[Exercise input]
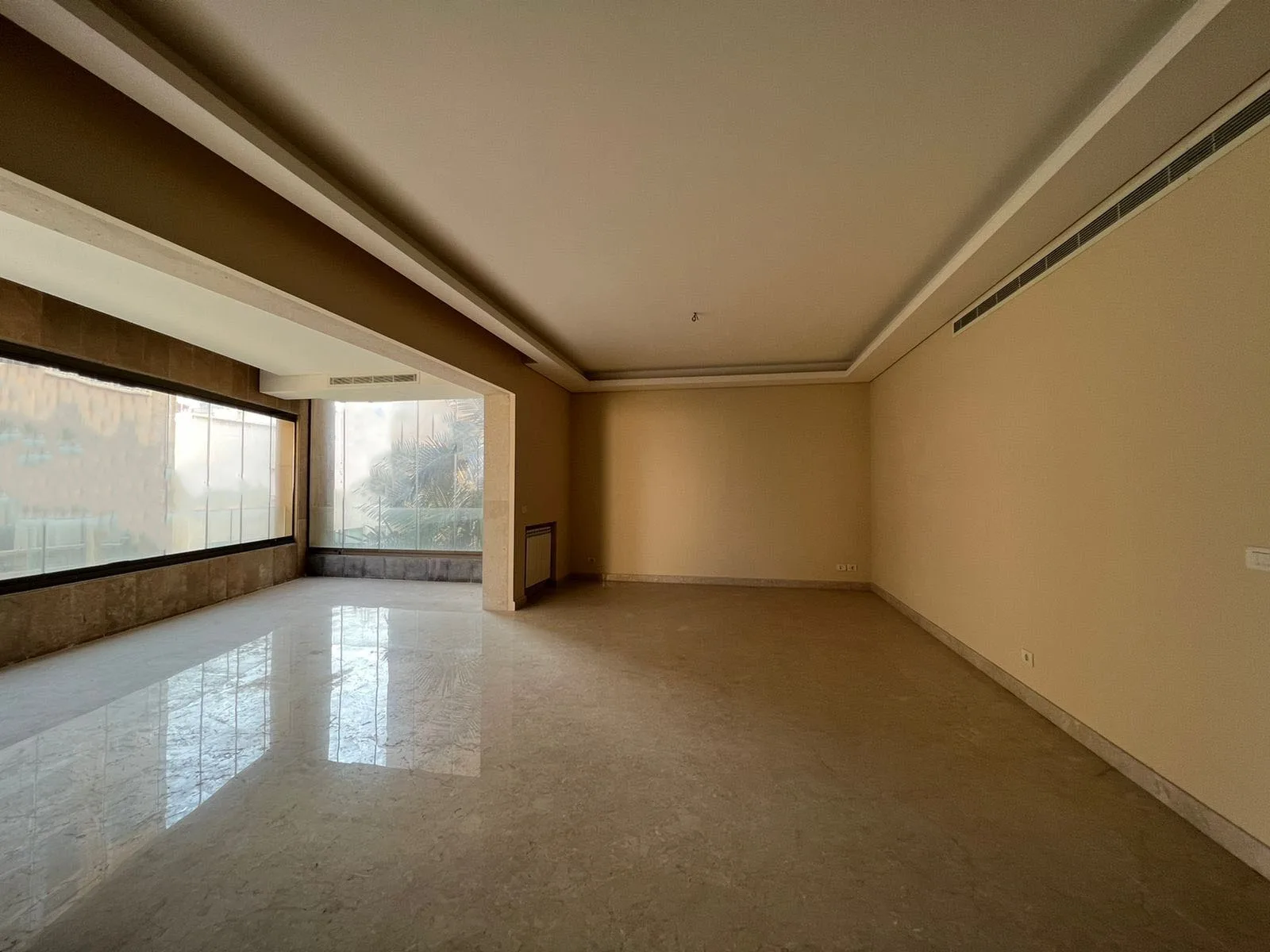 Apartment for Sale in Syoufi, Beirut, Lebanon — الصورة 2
--
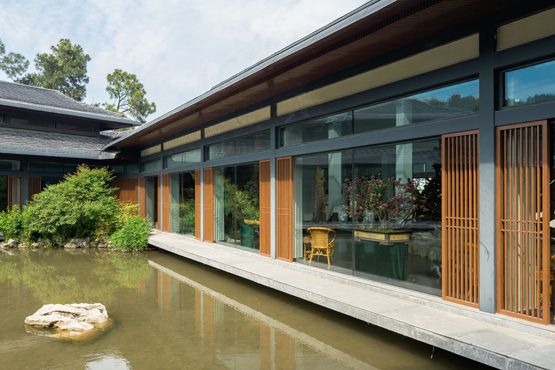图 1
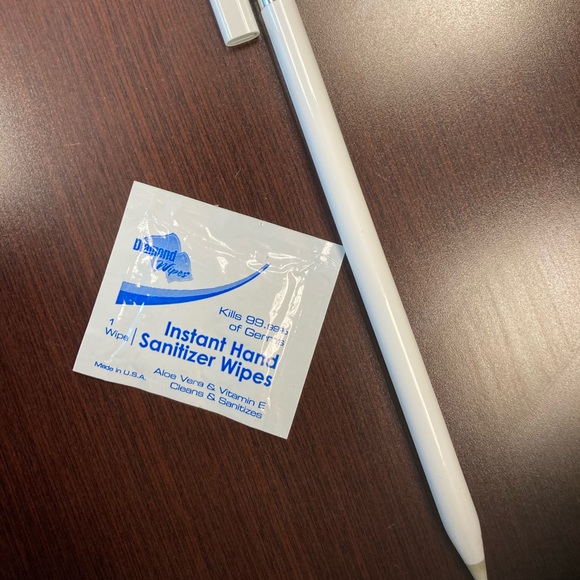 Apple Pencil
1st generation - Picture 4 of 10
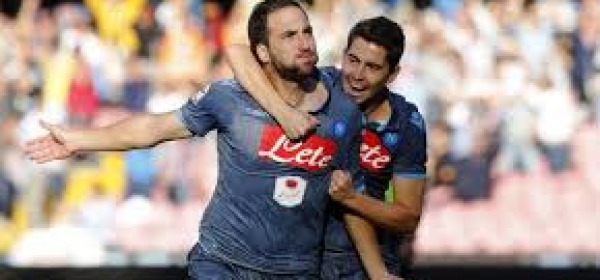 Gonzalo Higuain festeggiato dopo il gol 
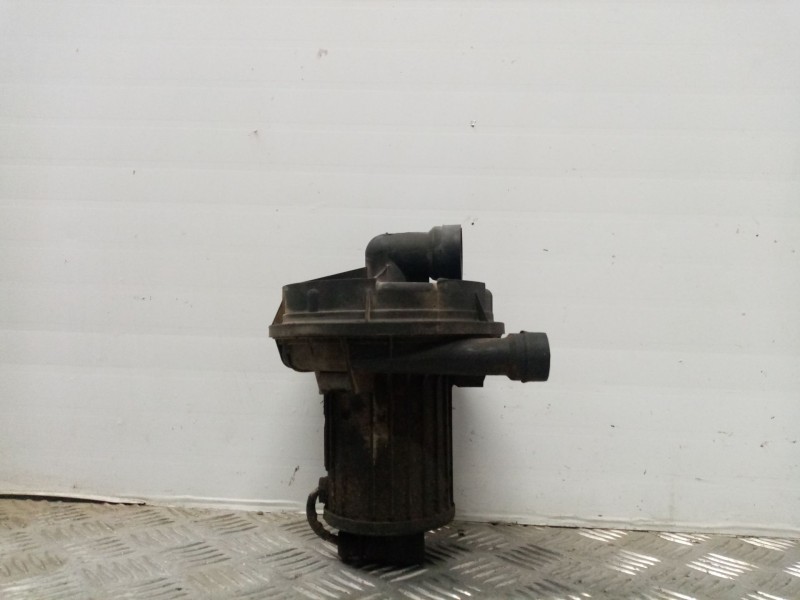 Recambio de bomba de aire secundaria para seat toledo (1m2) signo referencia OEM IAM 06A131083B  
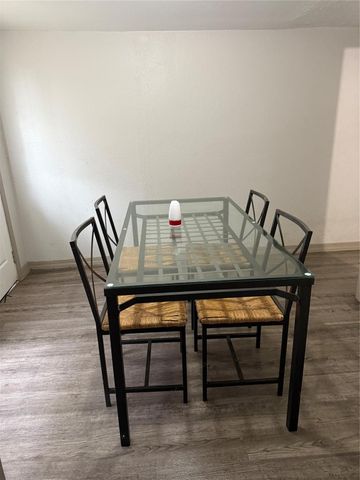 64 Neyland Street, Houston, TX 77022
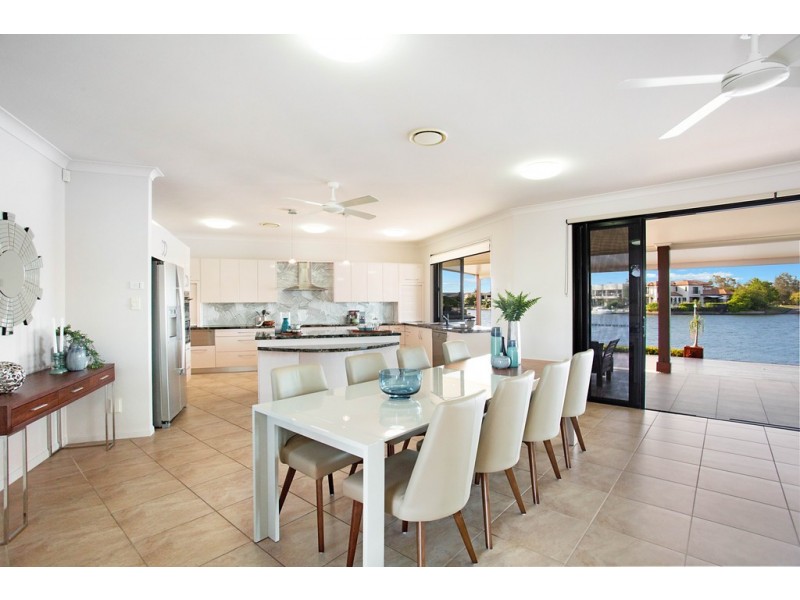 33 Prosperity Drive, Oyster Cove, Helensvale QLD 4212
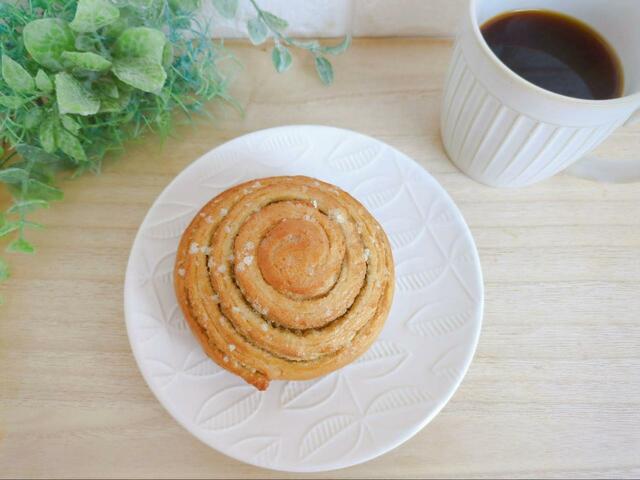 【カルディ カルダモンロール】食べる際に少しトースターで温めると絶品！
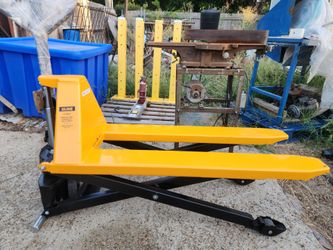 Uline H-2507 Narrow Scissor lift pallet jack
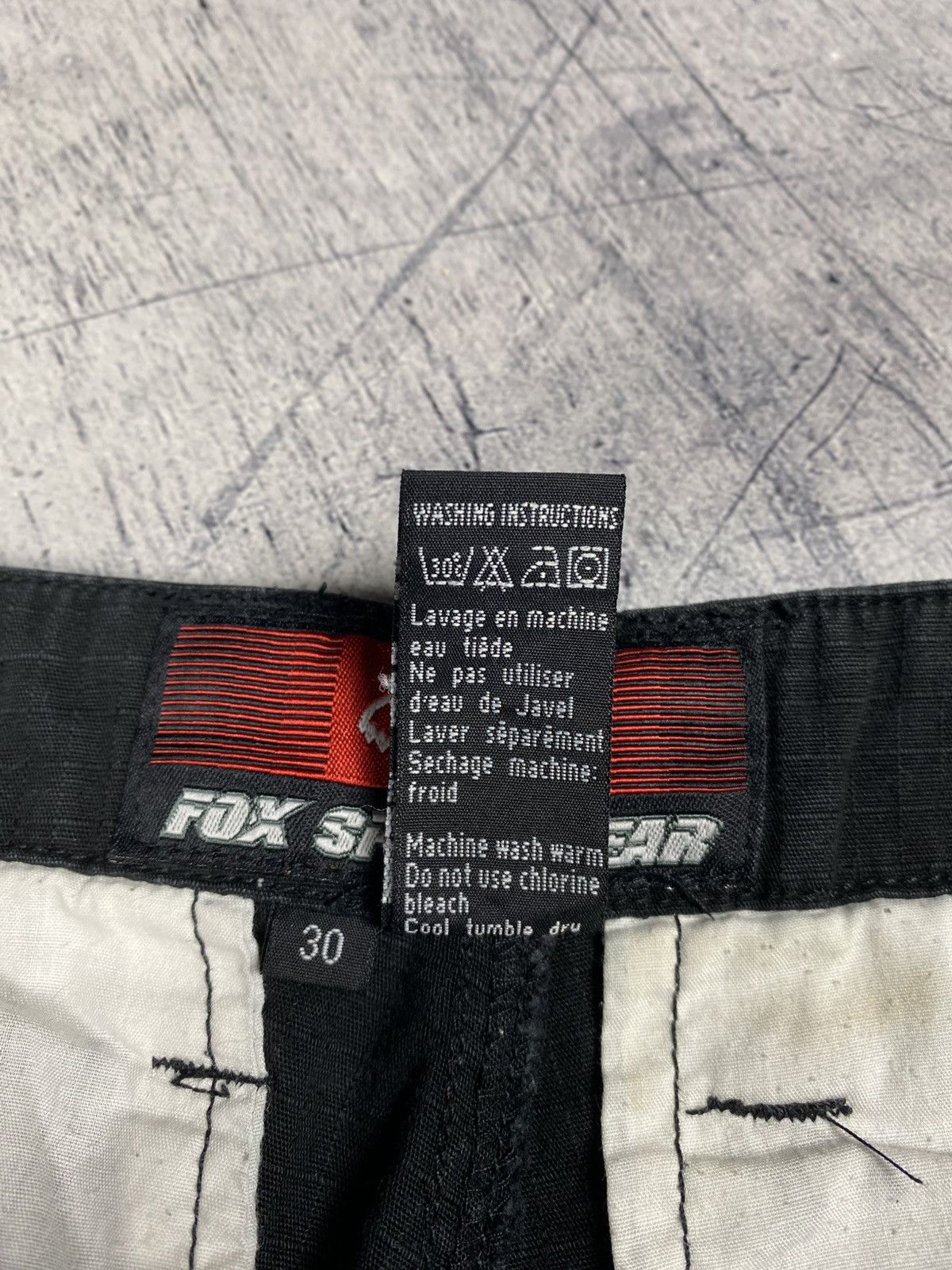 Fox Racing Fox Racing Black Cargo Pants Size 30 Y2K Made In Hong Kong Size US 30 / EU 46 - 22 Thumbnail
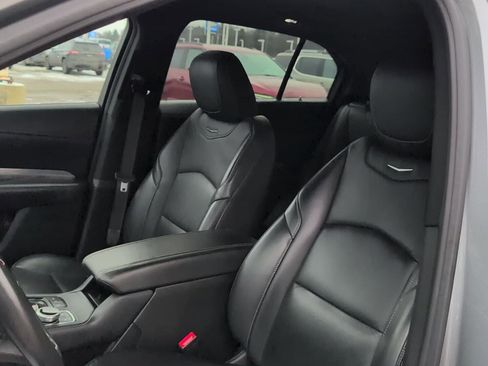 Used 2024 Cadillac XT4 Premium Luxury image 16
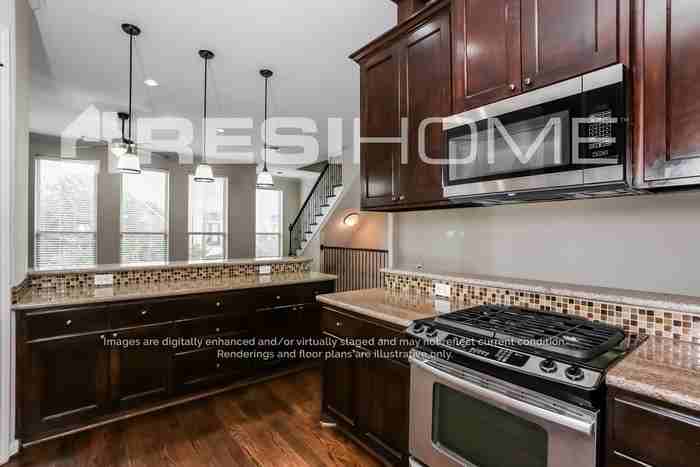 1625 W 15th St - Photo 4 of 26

[Problem description]
Output should consist of the lines above from the one with "33 Prosperity Drive, Oyster" down to the one with "1625 W 15th St - Photo 4 of 26", exact and without pictures.

[Solution]
 33 Prosperity Drive, Oyster Cove, Helensvale QLD 4212
 【カルディ カルダモンロール】食べる際に少しトースターで温めると絶品！
 Uline H-2507 Narrow Scissor lift pallet jack
 Fox Racing Fox Racing Black Cargo Pants Size 30 Y2K Made In Hong Kong Size US 30 / EU 46 - 22 Thumbnail
 Used 2024 Cadillac XT4 Premium Luxury image 16
 1625 W 15th St - Photo 4 of 26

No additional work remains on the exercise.